Per questa ragione sono nati comitati spontanei, a cominciare da quelli di via Firenze e di Santa Filomena, che nei giorni scorsi hanno promosso delle raccolte firme per chiedere all’amministrazione di individuare locali più isolati per evitare che l’arrivo di decine di profughi possa influire negativamente sulla sicurezza e sul decoro dei rispettivi quartieri. Tra gli immobili individuati per l’accoglienza, nell’ambito del progetto Sprar – attualmente al vaglio del Ministero e che vede il coinvolgimento, oltre che del Comune e dell’Azienda Speciale, anche di Caritas, Arci Pescara, Polis e Cooperativa sociale Ausiliatrice – ci sono infatti anche una palazzina di via Napoli, che dovrebbe ospitare 30 mamme con bambini, e l’ex stabilimento Artigianluce di corso Umberto, che dovrebbe diventare la sede di una mensa per i poveri, di un emporio solidale e di un ostello per 60 immigrati.
Ed è proprio in queste due zone che i residenti sono prima scesi in strada per sottoscrivere la petizione, per poi ieri mattina gremire la sala consiliare in occasione della discussione di un ordine del giorno proposto dal gruppo consiliare #Montesilvano2019. Montesilvanesi di tutte le età, tra cui diversi anziani, hanno movimentato la seduta manifestando, di volta in volta, gradimento o contrarietà nei confronti degli interventi dei vari amministratori, con applausi o commenti infastiditi.

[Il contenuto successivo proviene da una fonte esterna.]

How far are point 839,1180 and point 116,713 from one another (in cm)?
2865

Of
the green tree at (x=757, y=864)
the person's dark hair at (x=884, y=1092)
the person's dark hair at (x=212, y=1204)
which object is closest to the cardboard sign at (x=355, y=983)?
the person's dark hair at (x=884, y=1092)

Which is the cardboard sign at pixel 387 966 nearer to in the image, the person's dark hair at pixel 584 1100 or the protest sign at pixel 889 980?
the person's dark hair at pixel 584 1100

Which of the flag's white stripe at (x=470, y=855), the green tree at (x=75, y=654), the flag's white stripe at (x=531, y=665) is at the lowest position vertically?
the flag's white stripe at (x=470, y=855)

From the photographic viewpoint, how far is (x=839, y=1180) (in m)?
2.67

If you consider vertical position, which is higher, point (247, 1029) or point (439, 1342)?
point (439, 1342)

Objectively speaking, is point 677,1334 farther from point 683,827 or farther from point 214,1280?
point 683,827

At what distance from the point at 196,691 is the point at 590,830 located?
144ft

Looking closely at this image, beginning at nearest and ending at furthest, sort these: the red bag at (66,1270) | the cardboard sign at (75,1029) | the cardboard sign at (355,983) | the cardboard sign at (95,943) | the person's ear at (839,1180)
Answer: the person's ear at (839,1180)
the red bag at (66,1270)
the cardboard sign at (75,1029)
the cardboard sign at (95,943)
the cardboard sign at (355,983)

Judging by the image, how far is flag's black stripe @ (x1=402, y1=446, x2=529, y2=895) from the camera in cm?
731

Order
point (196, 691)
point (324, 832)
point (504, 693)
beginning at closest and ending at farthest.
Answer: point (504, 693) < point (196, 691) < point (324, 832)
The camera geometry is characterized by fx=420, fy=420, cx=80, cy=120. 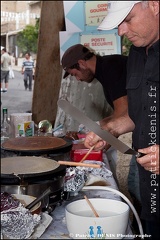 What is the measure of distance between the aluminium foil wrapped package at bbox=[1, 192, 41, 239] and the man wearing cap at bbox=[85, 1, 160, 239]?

Un atteggiamento che è stato ripreso più volte dal presidente del Consiglio Umberto Di Pasquale e che è stato tenuto sotto controllo anche dalla presenza della polizia municipale e dei carabinieri. Dopo la presentazione del tema da parte del capogruppo di #Montesilvano2019 Anthony Aliano e gli interventi di diversi consiglieri, la parola è passata al primo cittadino Francesco Maragno che ha riepilogato le caratteristiche dello Sprar, evidenziandone i vantaggi per la città. «Il termine “straordinaria”», ha commentato il sindaco, «racchiude in sé tutta la drammaticità che il fenomeno dell’immigrazione ha assunto sul territorio nazionale. Con i Cas il governo, per mezzo delle Prefetture, ha inviato migranti, senza alcuna possibilità decisionale dei Comuni e senza alcun tetto massimo numerico, per cercare di fronteggiare il carattere eccezionale dei flussi migratori. L’unico sistema capace di fronteggiare in maniera misurata questa responsabilità, alla quale tutti i Comuni italiani devono rispondere, è lo Sprar, la cui competenza diventa comunale a tutti gli effetti. Proprio in virtù della nostra adesione alla progettualità Sprar, abbiamo ottenuto dalla Prefettura la garanzia del rispetto della clausola di salvaguardia, che consente la riduzione del numero dei migranti sul nostro territorio ad un massimo di 161 persone».
Finora i Cas di Villa Verrocchio e del Pp1 hanno accolto in media 350 persone complessivamente, mentre a marzo il numero è sceso a 226 censiti, per arrivare in questi giorni a 200. Ma ai residenti questo ragionamento sembra non essere d'aiuto e per questo chiedono l'individuazione di locali più isolati, tramite l'avviso pubblico comunale tuttora aperto.